Low Level Snacks (Anytime of Day) 

Strawberry Fluff

Shawarma Chickpeas

Butternut Squash Falafel

Extra Zero Level Snacks here

Go to the WW app or web site to entry the recipe builder and monitor your day by day meals consumption and factors. 

Ideas for Simple and Environment friendly Prep: 

  1. Spend money on high quality storage containers. Having a set of dependable, reusable storage containers in varied sizes could make an enormous distinction in your meal prep routine. Search for containers which might be microwave-safe, dishwasher-friendly, and leak-proof to make sure your meals keep contemporary and are simple to move.
  2. Embrace batch cooking. Put together bigger portions of staple substances like grains, proteins, and sauces that can be utilized in a number of meals all through the week.
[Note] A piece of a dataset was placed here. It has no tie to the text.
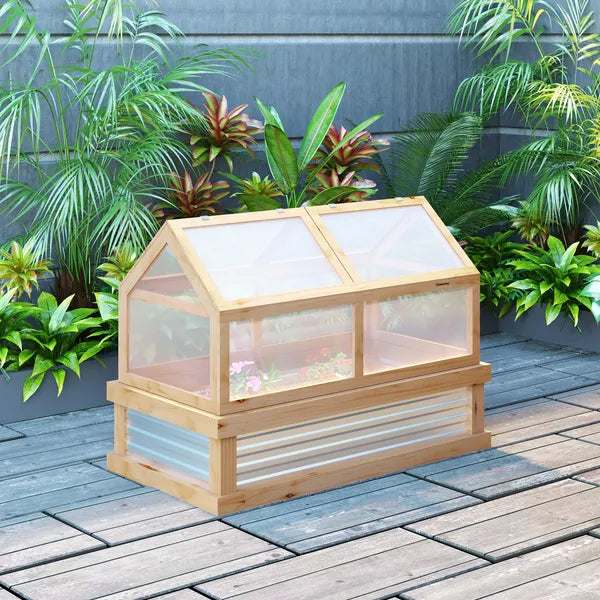 Outsunny Raised Garden Bed with Greenhouse Top, Garden Wooden Cold Frame Greenhouse Flower Planter Protection, 48 Inchx24 Inchx32.25 Inch, Natural - product image 15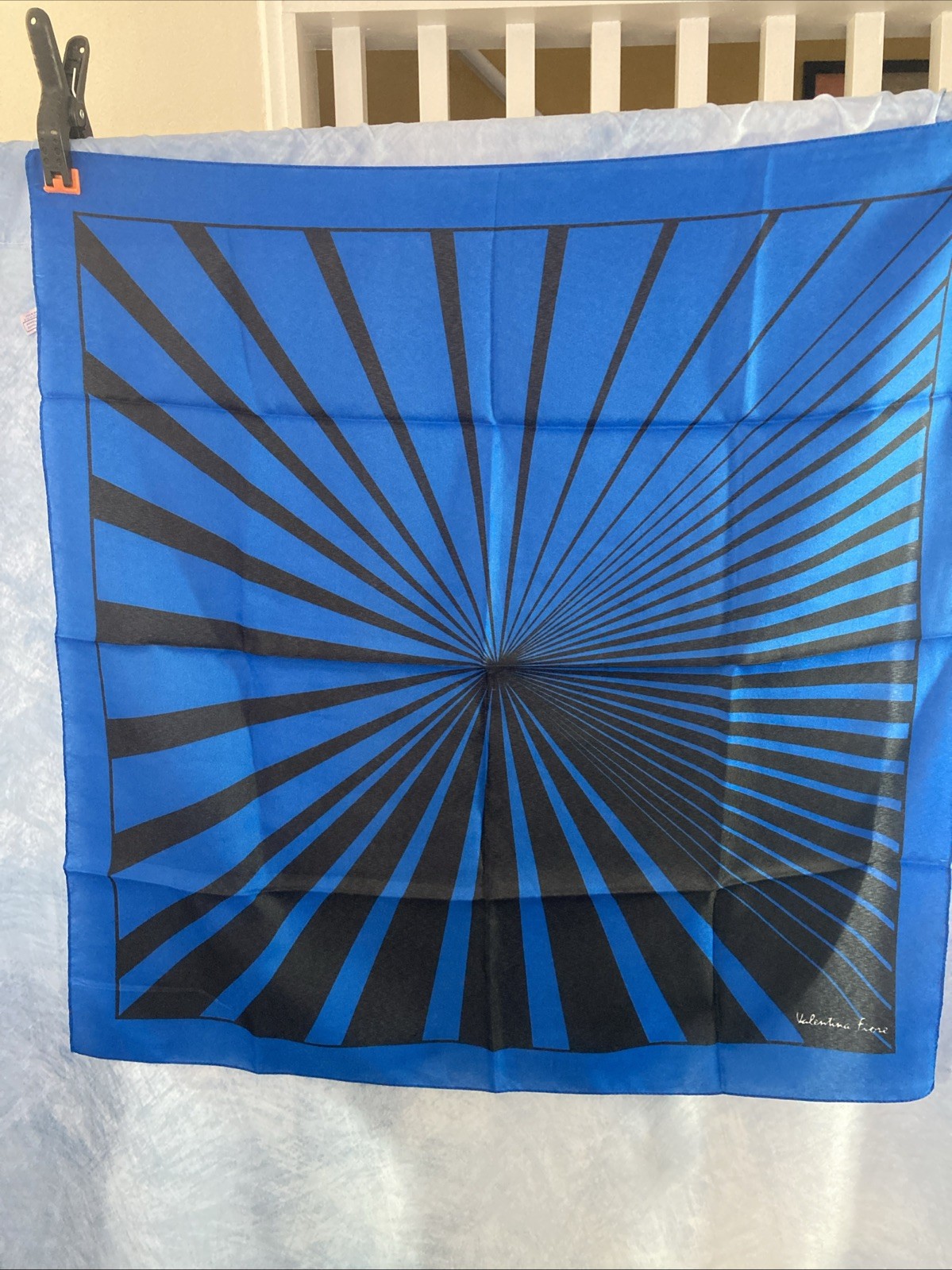 Vintage 1970s Valentina Fiore Women’s Scarf Black & Blue Geometric Design Square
This strategy saves time and lets you combine and match parts to create numerous, satisfying meals.
  3. Make the most of your freezer. Profit from your freezer house by making ready freezer-friendly meals or substances upfront. Soups, stews, casseroles, and cooked grains or proteins can all be frozen and reheated for fast, handy meals whenever you’re brief on time.

Obtain this PDF to dive into per week of mouthwatering recipes that show wholesome consuming could be each scrumptious and festive.